Source records:
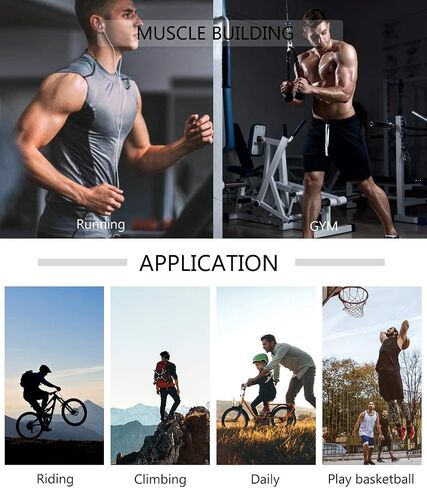 NonEcho Men Neoprene Waist Trainer Sauna Vest Gym Hot Sweat Tank Top Workout Shirt Shapewear Body Shaper No Zipper in Saudi Arabia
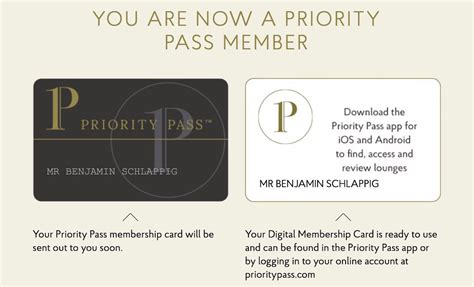 discount priority pass membership.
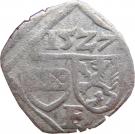 1 Pfennig - Ferdinand I (Graz)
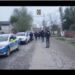 VIDEO- Polițiștii Municipiului Târgoviște au pus în aplicare 12 mandate de percheziție domiciliară, în comuna Cojasca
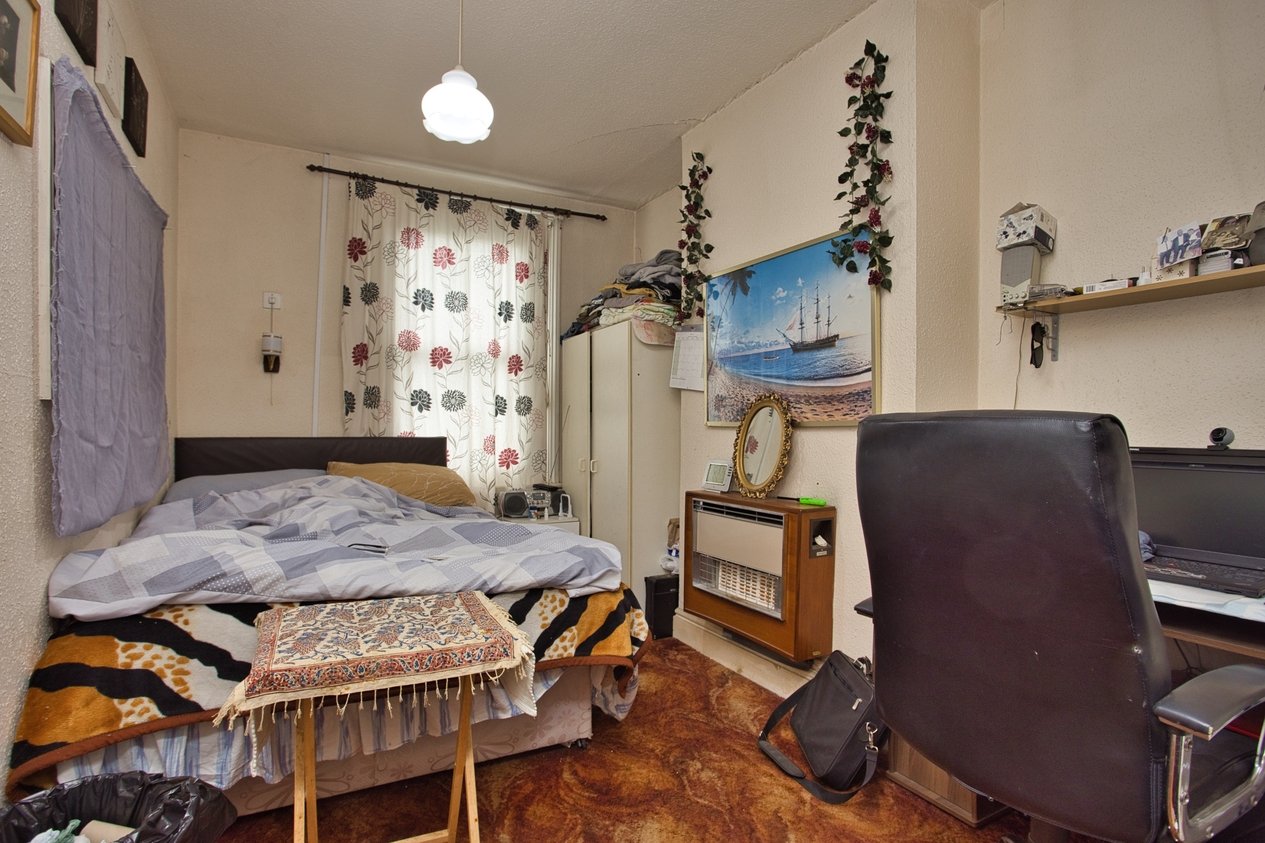 Properties For Sale in Oswald Road Dover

INSTRUCTIONS TO FOLLOW:
In the records above, take every line from the opening one through the line with "VIDEO- Polițiștii Municipiului" and repeat it exactly; pictures are not part of the copy.

SOLUTION TO THIS EXERCISE:
 NonEcho Men Neoprene Waist Trainer Sauna Vest Gym Hot Sweat Tank Top Workout Shirt Shapewear Body Shaper No Zipper in Saudi Arabia
 discount priority pass membership.
 1 Pfennig - Ferdinand I (Graz)
 VIDEO- Polițiștii Municipiului Târgoviște au pus în aplicare 12 mandate de percheziție domiciliară, în comuna Cojasca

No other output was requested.